Poisson is visiting Syria with two other French lawmakers, and the delegation is due to meet Assad on Wednesday.
Their trip comes despite fierce criticism in France of a similar visit by lawmakers to Syria in February.
France has been a firm backer of the uprising against Assad's government that begin in March 2011.
French President Francois Hollande and German Chancellor Angela Merkel were later Tuesday to hold talks on the Syrian conflict.
The meeting was to take place shortly before the French foreign ministry hosts a working dinner on Syria to be attended by allies from Arab and Western countries.

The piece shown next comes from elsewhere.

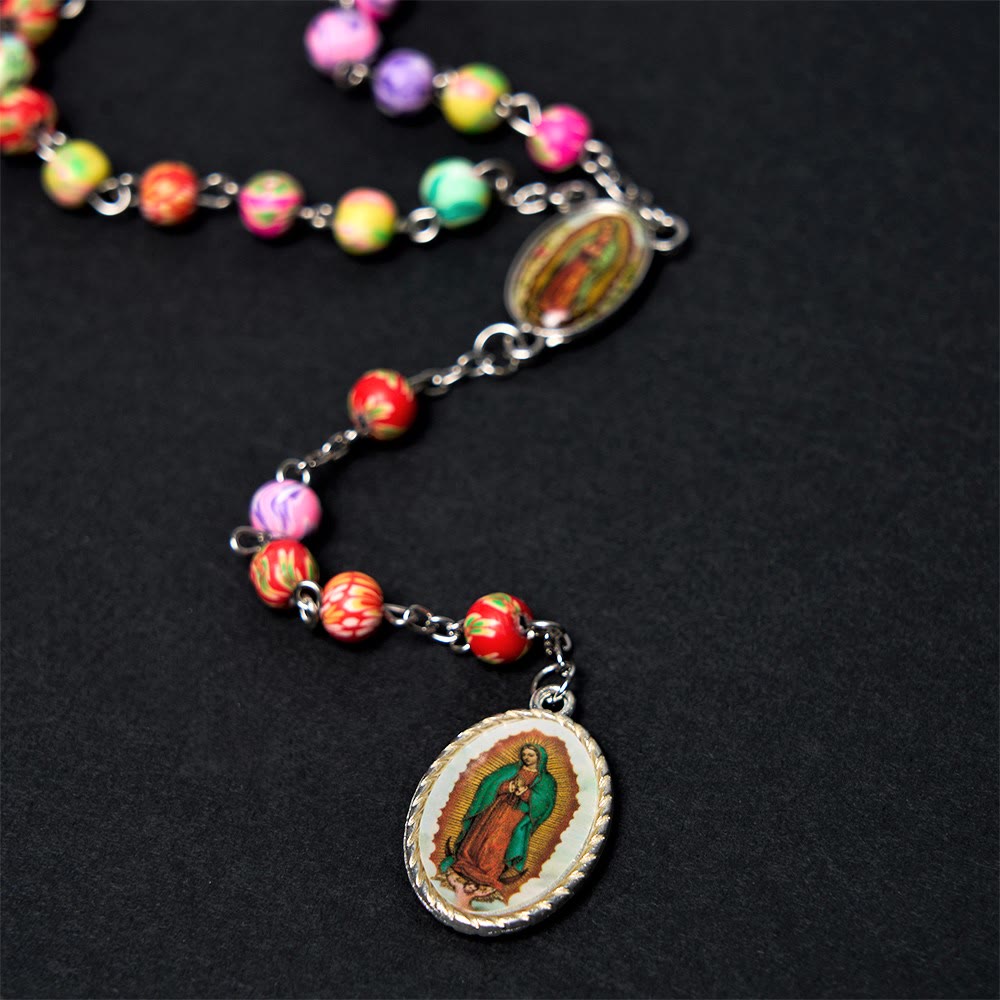 Our Lady of Guadalupe & Crucifix of 6 mm Round Multicolor Polymer Clay Alloy Chain Rosary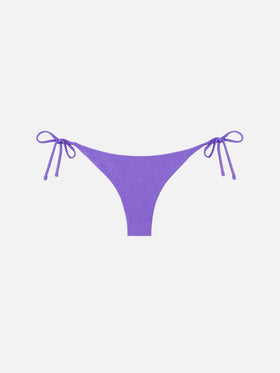 Shiny purple cheeky swim briefs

Poisson also told journalists that a Russian aerial campaign launched on September 30 had helped "stabilize things for now and gradually push back the Islamic State bit by bit."
Moscow began air strikes in Syria last month in support of Assad's government and has been criticized by the opposition and its backers for targeting moderate and Islamist rebels rather than jihadists.
During his talks with the French lawmakers, Lahham confirmed that parliamentary elections would be held in Syria next year, as scheduled.
"A new government will be formed," he said.
"The presidential elections were held last year and president Assad has a mandate according to the constitution," he added.
Last week, a Russian lawmaker visiting Damascus said Assad had expressed a willingness to hold new parliamentary and presidential elections, and was ready to run again for president – a declaration widely derided in the international community.
The reported comments came after Russian Foreign Minister Sergei Lavrov spoke of the need for Syria to prepare for new elections.
Assad was reelected for a new seven-year term in 2014 in "elections" dismissed by the opposition and much of the international community.
More than 250,000 people have been killed in Syria since March 2011.